| Data supplied |
+--

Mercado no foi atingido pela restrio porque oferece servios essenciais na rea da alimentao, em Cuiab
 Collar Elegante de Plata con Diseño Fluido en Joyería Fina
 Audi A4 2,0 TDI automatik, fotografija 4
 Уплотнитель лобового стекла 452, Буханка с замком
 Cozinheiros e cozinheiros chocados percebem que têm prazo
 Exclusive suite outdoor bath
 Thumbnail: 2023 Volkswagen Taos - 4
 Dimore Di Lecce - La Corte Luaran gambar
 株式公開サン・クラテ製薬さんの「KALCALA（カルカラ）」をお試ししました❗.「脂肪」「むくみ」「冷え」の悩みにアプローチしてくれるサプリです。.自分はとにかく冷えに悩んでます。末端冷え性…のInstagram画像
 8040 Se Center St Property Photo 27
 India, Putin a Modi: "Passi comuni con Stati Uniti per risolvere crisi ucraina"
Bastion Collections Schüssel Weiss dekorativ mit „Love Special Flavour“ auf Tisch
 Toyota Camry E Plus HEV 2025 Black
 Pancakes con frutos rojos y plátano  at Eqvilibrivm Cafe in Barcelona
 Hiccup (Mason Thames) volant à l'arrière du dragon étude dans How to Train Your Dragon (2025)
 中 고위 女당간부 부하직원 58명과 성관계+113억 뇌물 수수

+--

The answer should contain nothing except the lines from the one with "Hiccup (Mason Thames)" to the end of the material above, each given again exactly.

| Your response |
 Hiccup (Mason Thames) volant à l'arrière du dragon étude dans How to Train Your Dragon (2025)
 中 고위 女당간부 부하직원 58명과 성관계+113억 뇌물 수수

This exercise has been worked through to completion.